Dave Zumbrunnen, who heads the Clemson research team, said smart blending could bring plastics production into the 21st century. "Most people would be surprised to learn that many plastics are not optimized for their intended use due to limitations of existing manufacturing equipment," he said. With a smart-blending machine, however, engineers can optimize the material for maximum effectiveness with only a few strokes on a computer keyboard.
Many plastics are mixtures of two or more plastics and additives. Smart blending arranges these plastics into functional internal shapes as small as 1/10,0000th the diameter of a hair.
That's important because it's those small-scale structures that determine the attributes, or properties, of the plastic or composite. The end result? Plastics that are tougher, electrically conductive, porous - whatever is needed for the particular end-product, but without expensive trial and error.
"Smart blending technology offers unprecedented control of internal structure development, said Zumbrunnen. He developed the process along with faculty and student researchers from Clemson's Center for Advanced Engineering Fibers and Films.
Immediate applications could include improved food packaging films, personal hygiene products, light-interactive plastics and toughened plastics for automotive uses.
Smart blending could also be used to produce patterns for countertops and even better tasting breakfast cereals.
The Dow Chemical Co. is funding a smart blending study through the fibers and films center. "We are looking forward to the results and the further development of this technology," said Craig Dryzga, senior R&D leader in Dow's Fabricated Products Department. Dow is headquartered in Midland, Mich.
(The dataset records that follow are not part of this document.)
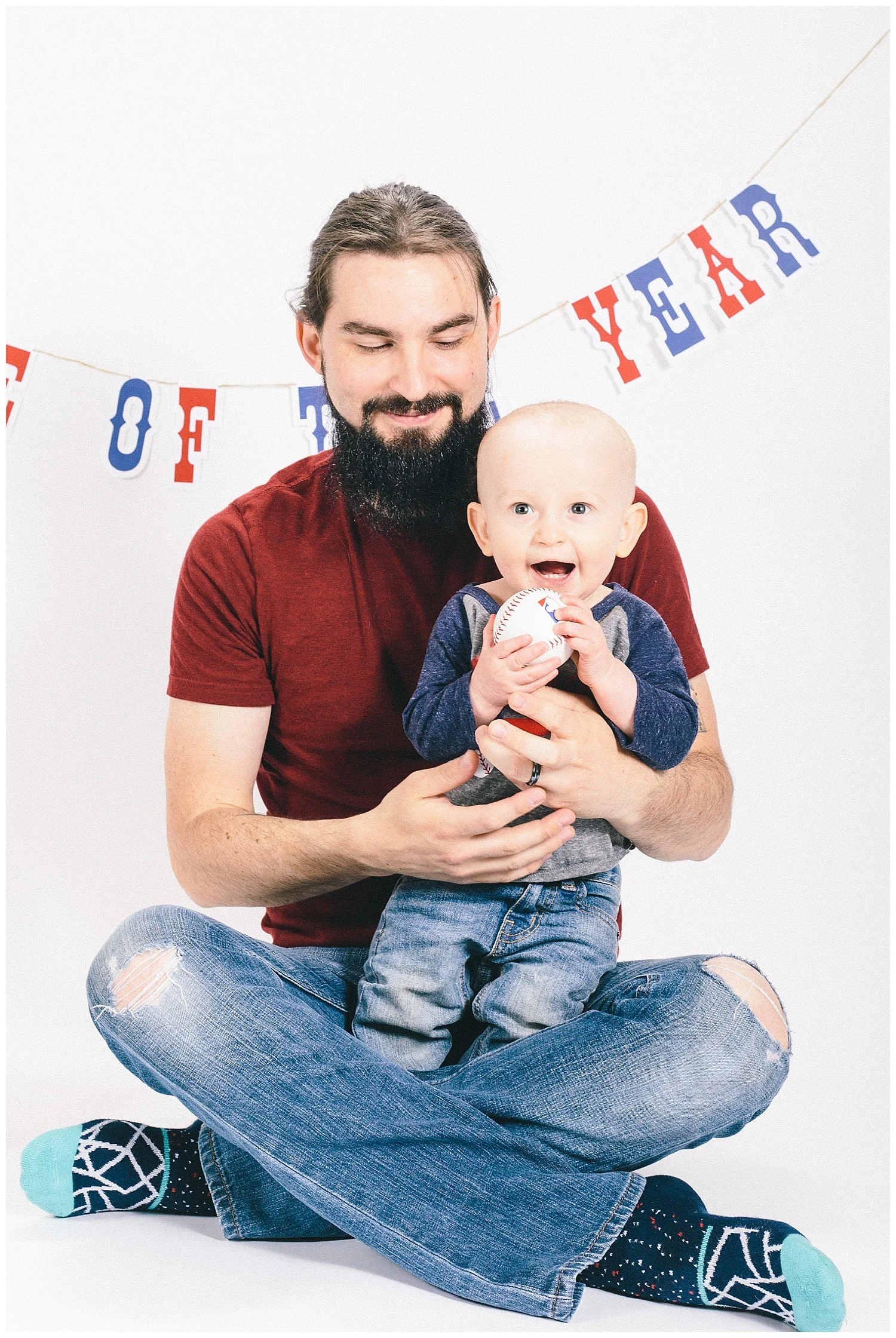 emily-belson-photography-smash-cake-dylan-09.jpg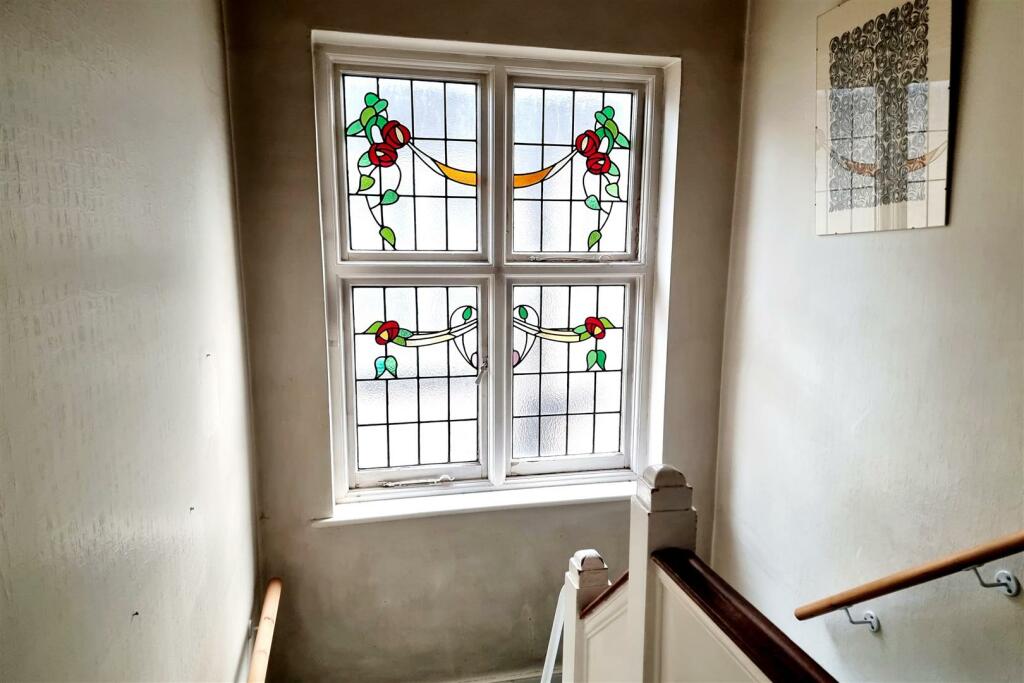 FIRST FLOOR LANDING: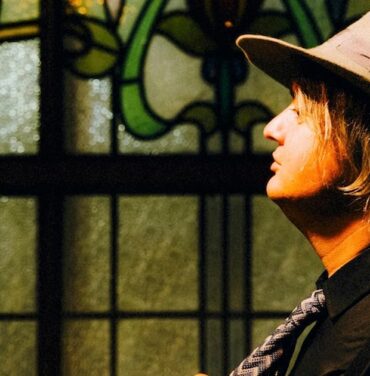 Peter Doherty anuncia su nuevo álbum en solitario, ‘Felt Better Alive’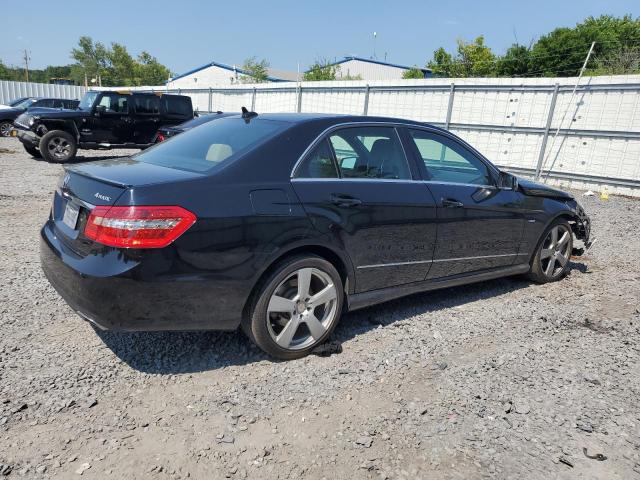  MERCEDES-BENZ E-CLASS 2012 Czarny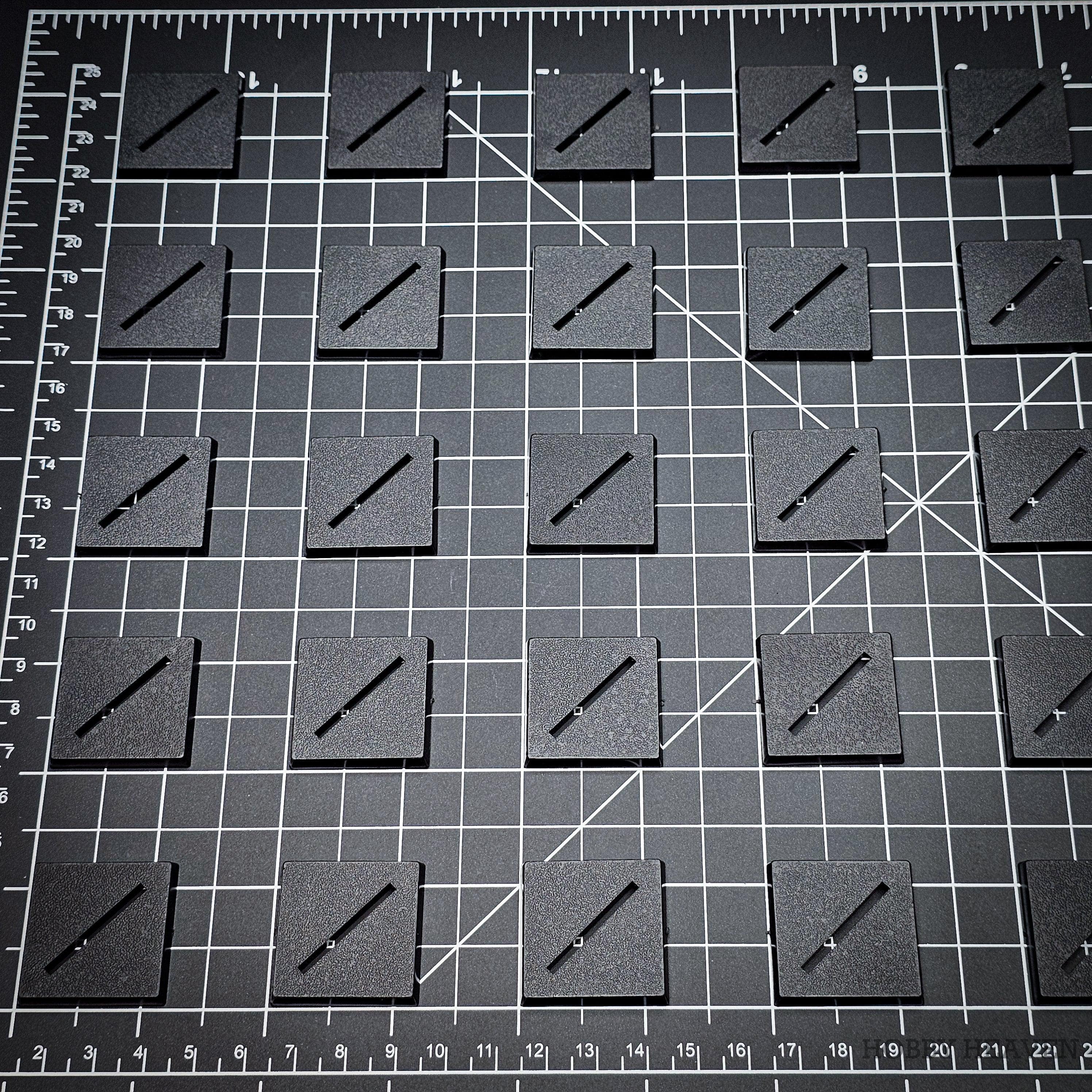 Base 30mm Square Diagonal Slotted Plastic Bases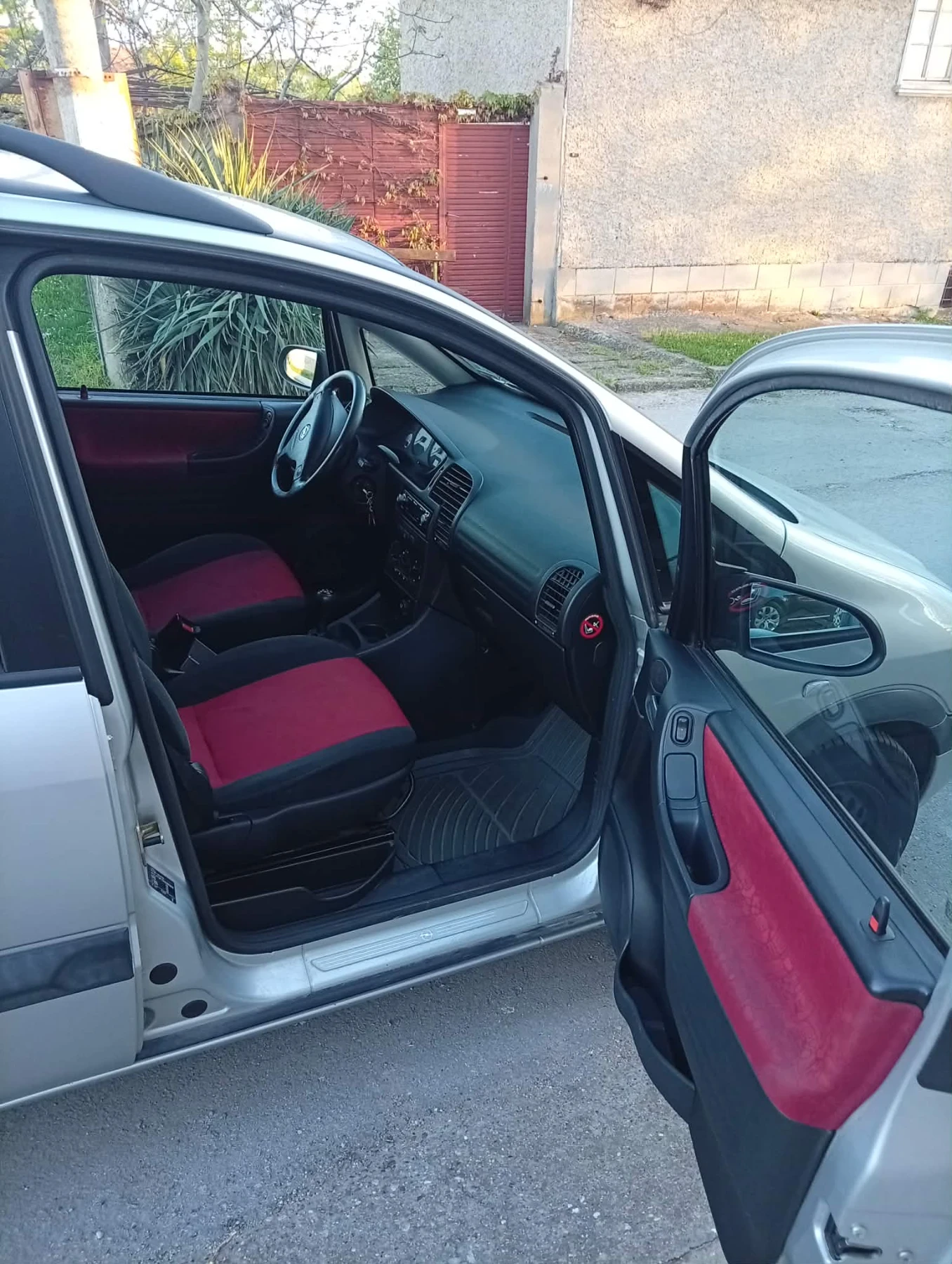 Opel Zafira 2.000, снимка 4 - Автомобили и джипове - 54347610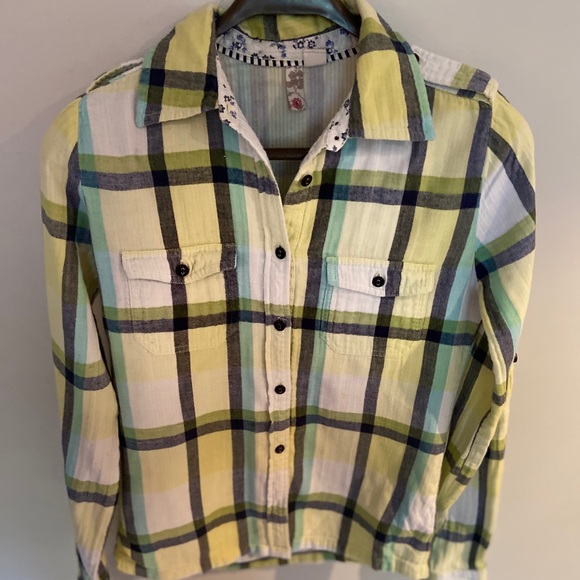 Element Plaid Button Up - Picture 2 of 5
Zumbrunnen's research sponsors include industry representatives such as Dow, as well as the National Science Foundation, Defense Advanced Research Projects Agency and the National Textile Center.
Equipment manufacturers are interested in commercializing the technology. Zumbrunnen predicted that the first wave of smart-blended plastics could be on the market within a few years.
Zumbrunnen's research is based on the work of Hassan Aref, who developed what's known as the theory of chaotic advection. In a seminal 1980s paper, Aref showed that particles in a fluid can move chaotically in response to simple agitations. The chaotic motions cause fluidic regions to become stretched and folded, forming the layers on which Zumbrunnen has based his work.
Aref, now dean of Virginia Tech's College of Engineering, has called Zumbrunnen's work "attractive and ingenious."
Zumbrunnen's work is a pivotal research initiative in Clemson's fibers and films center. The National Science Foundation established the center as one of the nation's elite Engineering Research Centers in 1998. It's the only national Engineering Research Center to target fiber and film research.
"This technique could change the way we produce all polymer products - fibers, films and even injection-molded products," said the center's director Dan Edie.
Zumbrunnen, a recipient of the Presidential Faculty Fellow Award from The White House and a recent participant in the National Academy of Engineering's prestigious Frontiers of Engineering symposium, is Clemson's Warren H. Owen-Duke Energy Professor of Mechanical Engineering.